Introduction

Glean’s integration with SharePoint and OneDrive necessitates the use of Application permissions, as opposed to Delegated permissions.

This distinction is crucial for the functionality of the SharePoint and OneDrive Connector within Glean and aligns with Microsoft’s guidelines for application development:

When should I use application-only access?

In most cases, application-only access is broader and more powerful than delegated access, so you should only use app-only access where needed. It’s usually the right choice if:

  • The application needs to run in an automated way, without user input. For example, a daily script that checks emails from certain contacts and sends automated responses.
  • The application needs to access resources belonging to multiple different users. For example, a backup or data loss prevention app might need to retrieve messages from many different chat channels, each with different participants.
  • You find yourself tempted to store credentials locally and allow the app to sign in “as” the user or admin.

Understanding application-only access (learn.microsoft.com)

Why Application Permissions?

Glean requires Application permissions for the following reasons:

  • Autonomous Operation: Glean operates independently of any specific user interaction. It needs to access and index data across your SharePoint and OneDrive environments systematically and continuously. This includes crawling content, permissions, and activity data for assets.

  • Comprehensive Access: Unlike delegated permissions, which act on behalf of a user, application permissions allow Glean to access all relevant data across the environment without being tied to individual user sessions or permissions. This is essential for Glean to perform its functions effectively, ensuring that it can access and index content as needed, regardless of user activity.

  • Efficiency and Scalability: The need to fetch data asynchronously and across the entire environment means that relying on user-based delegated permissions would severely limit Glean’s ability to operate efficiently. Application permissions ensure that Glean can scale its operations to meet the demands of large and complex environments.

  • Rate Limits: Microsoft enforces Graph API rate limits tenant-wide for each registered application. Switching to Delegated permissions would require Glean to make individual Graph API calls for each user for every individual API request that is made currently. This change would dramatically accelerate how quickly Glean reaches Microsoft’s API rate limits, significantly impairing platform functionality.

Limitations of Delegated Permissions

Delegated permissions, which operate on behalf of a logged-in user, do not provide the scope of access required for Glean’s crawlers to function. Specifically:

  • User Dependency: Delegated permissions restrict Glean to the permissions of individual users, limiting content access and indexing to what the user can see during their session. This approach is not scalable and delays data availability, risking exposure of sensitive data if document access changes, as updates depend on user sessions to be processed.

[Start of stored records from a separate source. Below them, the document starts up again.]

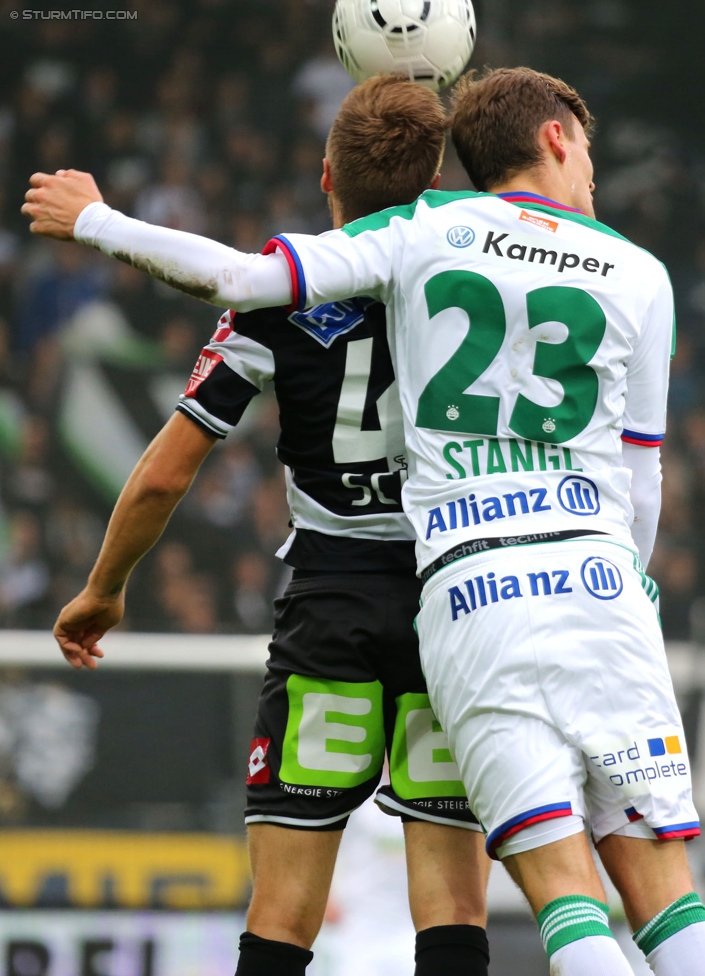 Sturm Graz - Rapid Wien
Oesterreichische Fussball Bundesliga, 13. Runde, SK Sturm Graz - SK Rapid Wien, Stadion Liebenau Graz, 25.10.2014. 

Foto zeigt Thorsten Schick (Sturm) und Stefan Stangl (Rapid)
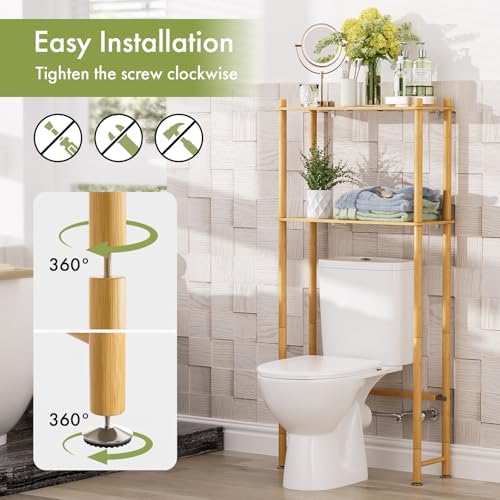 AmazerBath Bamboo Over The Toilet Storage Shelf, 2-Tier Over Toilet Organizer Rack, Freestanding Above Toilet Shelf for Bathroom, Laundry, Space Saver, Natural Color - Image 5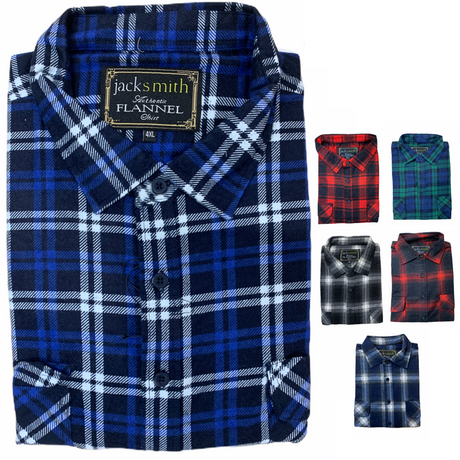 Mens Long Sleeve Flannel Pullover Shirt - 100% Cotton Flannelette Half Button Placket - Green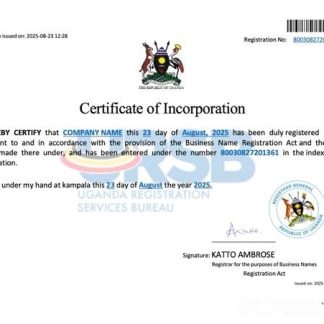 Uganda company incorporation certificate Word and PDF template download template file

  • Interactivity Requirement: Delegated permissions are designed for scenarios where an application acts with user interaction. Glean’s requirement to operate independently, fetching data asset by asset without direct user involvement, is incompatible with the nature of delegated permissions.

Token Security

Glean’s crawlers use a Service Principal (App Registration) to authenticate with Microsoft Graph and SharePoint REST APIs. The Service Principal is configured with a client secret that is used to authenticate requests to the APIs.

Secure Storage

The client secret provided to Glean is stored, as per all other connector credentials, in the Secrets Store of your Glean tenant. Every Glean customer tenancy has its own unique Secret Store; ensuring no cross-tenant exposure.

Secrets saved to the Secret Store are double encrypted: Once before being written to the Secret Store, and again at rest. To facilitate this, the native KMS of the underlying cloud provider (GCP or AWS) is used, with the key rotation occurring frequently.

Secure Access

Using a designated service account, Glean connectors fetch the client secret from the Secret Store each time a crawl takes place. The secret is stored in the encrypted memory of the connector and discarded once the crawl is complete: It is never stored in the crawler itself or written to disk within any Glean component (other than the Secret Store).

Additional Controls

For additional security, you can configure IP restrictions via Entra ID Conditional Access to constrain use of the client secret to only IP addresses associated with the crawler’s of your Glean tenant.